*Exercise aim*
Among the records below, find the lines containing "Xiaomi" and state only how many there are.

*Data excerpts*

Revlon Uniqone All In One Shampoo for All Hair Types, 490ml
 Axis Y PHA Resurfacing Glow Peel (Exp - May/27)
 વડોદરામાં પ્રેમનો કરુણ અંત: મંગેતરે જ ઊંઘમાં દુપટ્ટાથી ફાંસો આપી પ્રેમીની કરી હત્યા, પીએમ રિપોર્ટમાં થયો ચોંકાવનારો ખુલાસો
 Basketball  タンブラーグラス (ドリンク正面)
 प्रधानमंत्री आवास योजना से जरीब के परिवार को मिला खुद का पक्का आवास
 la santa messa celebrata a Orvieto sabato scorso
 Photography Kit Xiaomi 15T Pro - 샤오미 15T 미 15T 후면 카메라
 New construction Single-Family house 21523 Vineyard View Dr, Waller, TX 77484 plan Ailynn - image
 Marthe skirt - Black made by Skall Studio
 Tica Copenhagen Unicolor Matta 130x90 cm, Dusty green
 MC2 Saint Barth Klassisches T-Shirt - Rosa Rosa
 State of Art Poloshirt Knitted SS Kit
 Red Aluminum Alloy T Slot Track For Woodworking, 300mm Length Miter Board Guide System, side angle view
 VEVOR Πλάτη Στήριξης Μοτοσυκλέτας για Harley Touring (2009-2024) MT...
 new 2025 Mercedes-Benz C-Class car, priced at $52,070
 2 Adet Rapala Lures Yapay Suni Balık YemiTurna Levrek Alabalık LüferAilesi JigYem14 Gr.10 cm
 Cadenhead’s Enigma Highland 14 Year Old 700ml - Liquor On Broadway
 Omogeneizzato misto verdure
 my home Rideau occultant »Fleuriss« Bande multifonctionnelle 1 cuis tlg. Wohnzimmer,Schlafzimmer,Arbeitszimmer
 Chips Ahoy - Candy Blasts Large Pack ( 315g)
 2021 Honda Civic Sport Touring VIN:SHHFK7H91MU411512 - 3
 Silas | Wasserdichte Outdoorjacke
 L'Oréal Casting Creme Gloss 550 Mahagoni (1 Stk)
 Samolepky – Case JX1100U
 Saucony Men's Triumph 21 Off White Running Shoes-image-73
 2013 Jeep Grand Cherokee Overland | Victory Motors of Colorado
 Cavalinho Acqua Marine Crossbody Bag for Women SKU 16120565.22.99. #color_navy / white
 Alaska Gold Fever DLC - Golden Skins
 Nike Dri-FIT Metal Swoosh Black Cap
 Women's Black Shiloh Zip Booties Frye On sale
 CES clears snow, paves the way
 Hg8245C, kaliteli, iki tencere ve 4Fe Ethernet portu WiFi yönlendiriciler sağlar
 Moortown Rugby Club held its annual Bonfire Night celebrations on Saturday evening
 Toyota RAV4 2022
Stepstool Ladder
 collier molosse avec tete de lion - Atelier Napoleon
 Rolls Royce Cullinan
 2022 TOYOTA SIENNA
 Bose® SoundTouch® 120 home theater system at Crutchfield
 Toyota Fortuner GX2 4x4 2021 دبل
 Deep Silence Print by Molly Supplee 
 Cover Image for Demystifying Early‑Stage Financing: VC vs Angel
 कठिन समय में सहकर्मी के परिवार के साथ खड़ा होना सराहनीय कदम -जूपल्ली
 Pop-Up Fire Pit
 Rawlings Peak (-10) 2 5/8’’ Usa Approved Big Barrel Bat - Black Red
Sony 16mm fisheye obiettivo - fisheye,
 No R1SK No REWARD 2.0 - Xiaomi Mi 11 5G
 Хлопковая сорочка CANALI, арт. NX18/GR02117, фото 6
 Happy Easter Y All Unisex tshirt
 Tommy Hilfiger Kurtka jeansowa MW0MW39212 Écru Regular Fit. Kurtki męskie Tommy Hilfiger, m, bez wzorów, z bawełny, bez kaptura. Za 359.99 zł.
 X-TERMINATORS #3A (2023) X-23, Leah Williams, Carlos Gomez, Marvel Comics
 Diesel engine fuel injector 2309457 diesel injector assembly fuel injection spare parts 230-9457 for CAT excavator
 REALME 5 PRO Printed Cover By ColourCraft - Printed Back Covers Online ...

*Written answer*
2